> _WHAT YOU HAVE TO DO_
Beneath this line sits some data. Return only its lines from the one holding "Operation Sindoor: PM" through the one holding "Hawthorne Heights Cut", inclusive, exactly, with the images removed.

____ MATERIAL SUPPLIED

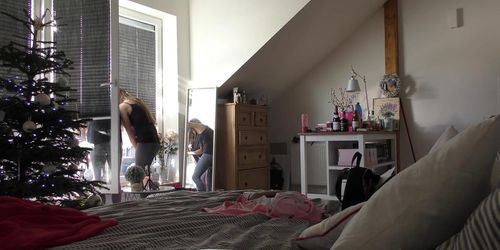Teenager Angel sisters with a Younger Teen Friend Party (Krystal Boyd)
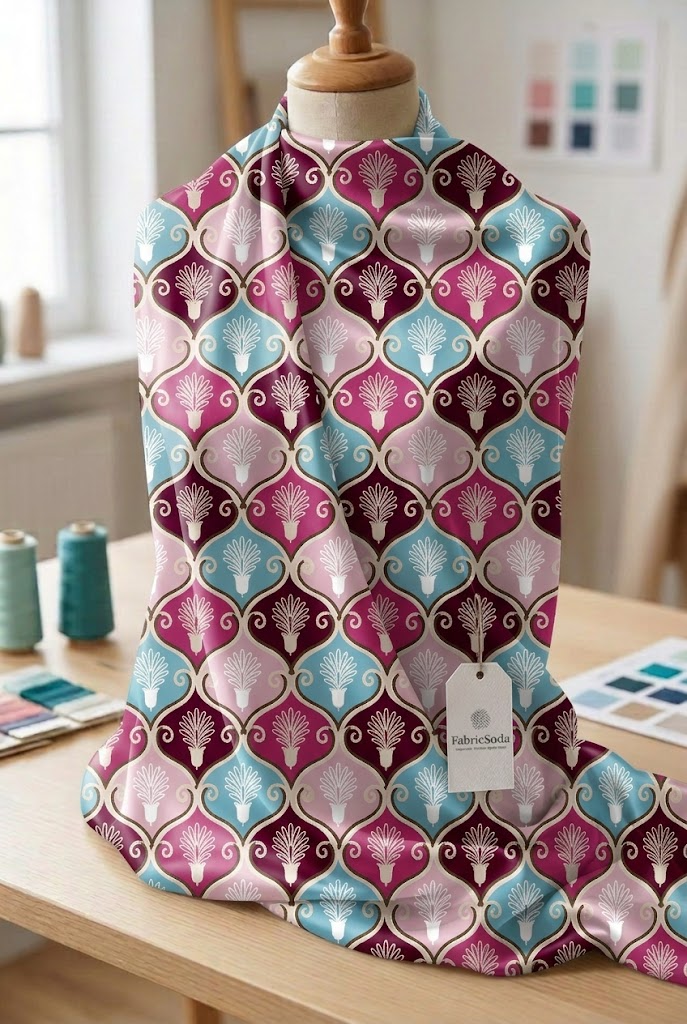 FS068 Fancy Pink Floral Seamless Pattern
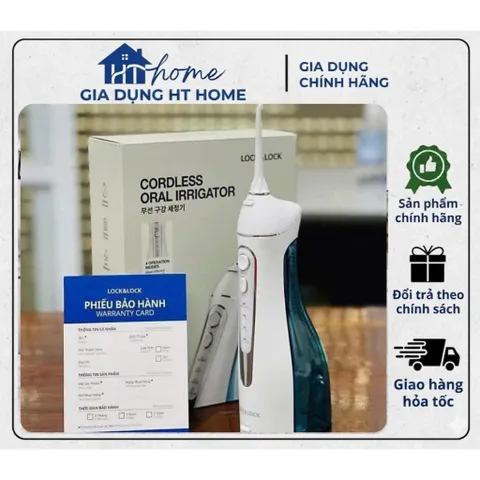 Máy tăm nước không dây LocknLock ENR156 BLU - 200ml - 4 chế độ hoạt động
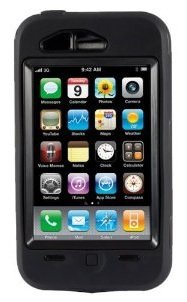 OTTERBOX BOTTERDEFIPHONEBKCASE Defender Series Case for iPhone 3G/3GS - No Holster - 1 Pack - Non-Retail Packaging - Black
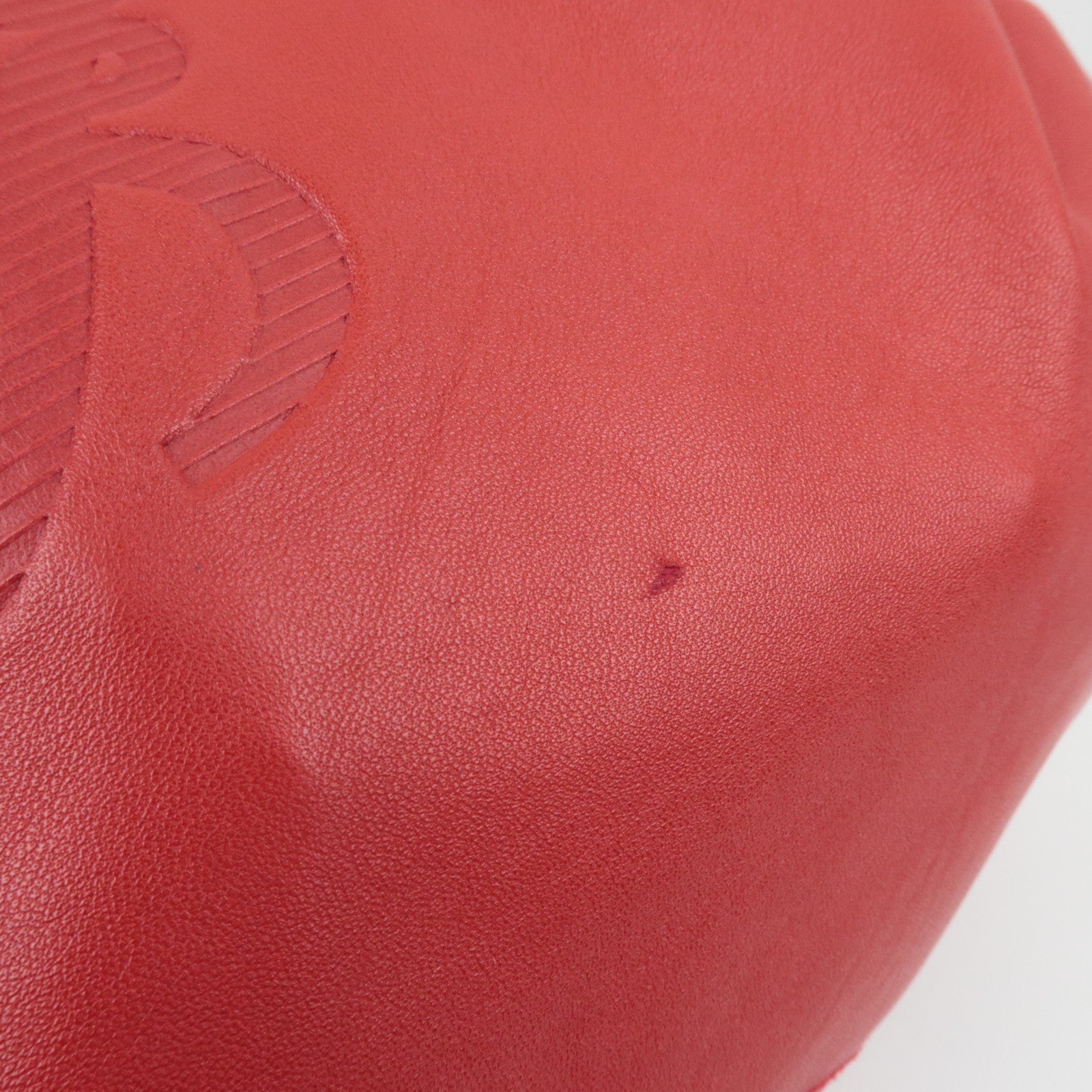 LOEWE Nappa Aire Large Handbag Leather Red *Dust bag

________
____ MATERIAL SUPPLIED

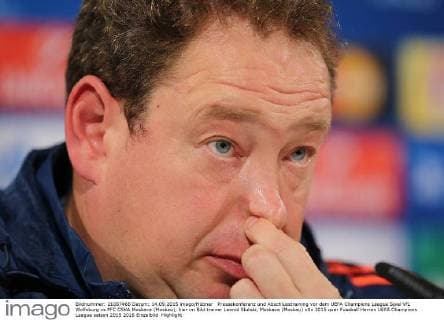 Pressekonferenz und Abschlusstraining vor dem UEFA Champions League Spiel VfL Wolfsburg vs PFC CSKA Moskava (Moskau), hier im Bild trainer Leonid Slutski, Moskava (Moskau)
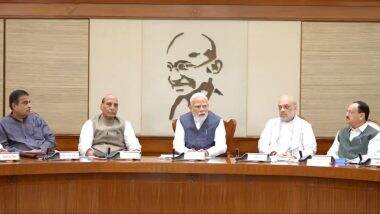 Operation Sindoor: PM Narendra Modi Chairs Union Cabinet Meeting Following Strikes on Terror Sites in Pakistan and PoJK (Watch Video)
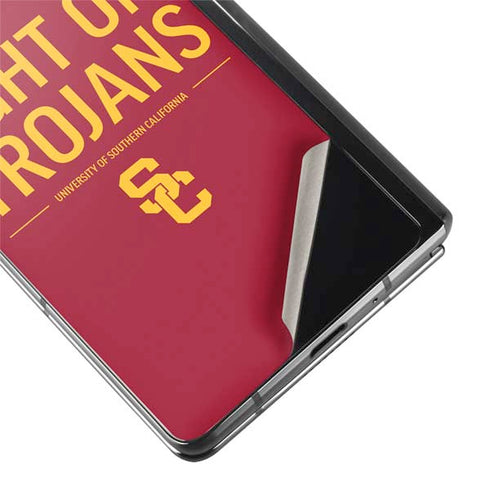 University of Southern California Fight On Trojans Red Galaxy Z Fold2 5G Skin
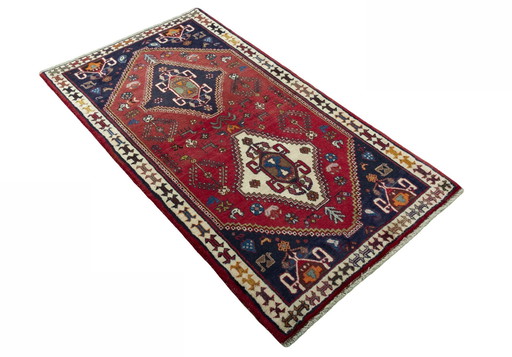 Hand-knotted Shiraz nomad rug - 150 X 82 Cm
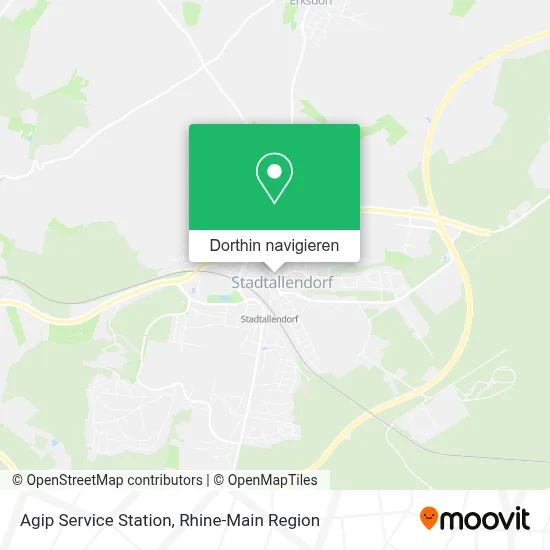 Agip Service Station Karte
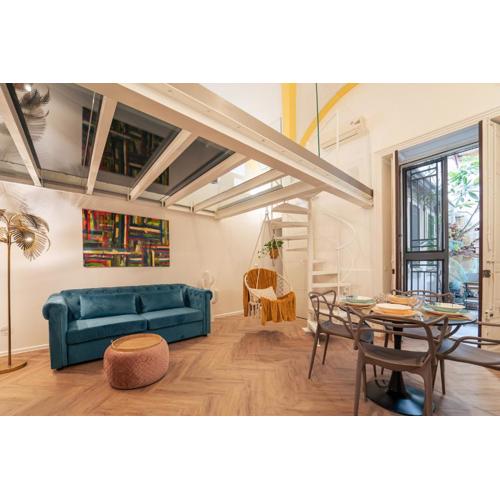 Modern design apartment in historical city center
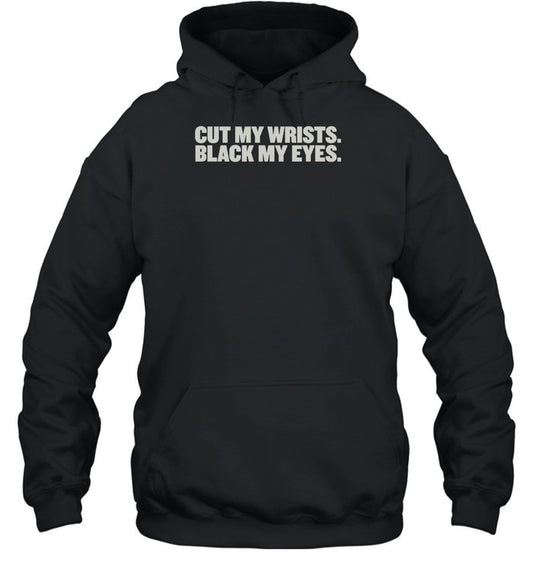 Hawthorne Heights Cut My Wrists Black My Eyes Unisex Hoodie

________

> _ANSWER TO THE EXERCISE_
 Operation Sindoor: PM Narendra Modi Chairs Union Cabinet Meeting Following Strikes on Terror Sites in Pakistan and PoJK (Watch Video)
 University of Southern California Fight On Trojans Red Galaxy Z Fold2 5G Skin
 Hand-knotted Shiraz nomad rug - 150 X 82 Cm
 Agip Service Station Karte
 Modern design apartment in historical city center
 Hawthorne Heights Cut My Wrists Black My Eyes Unisex Hoodie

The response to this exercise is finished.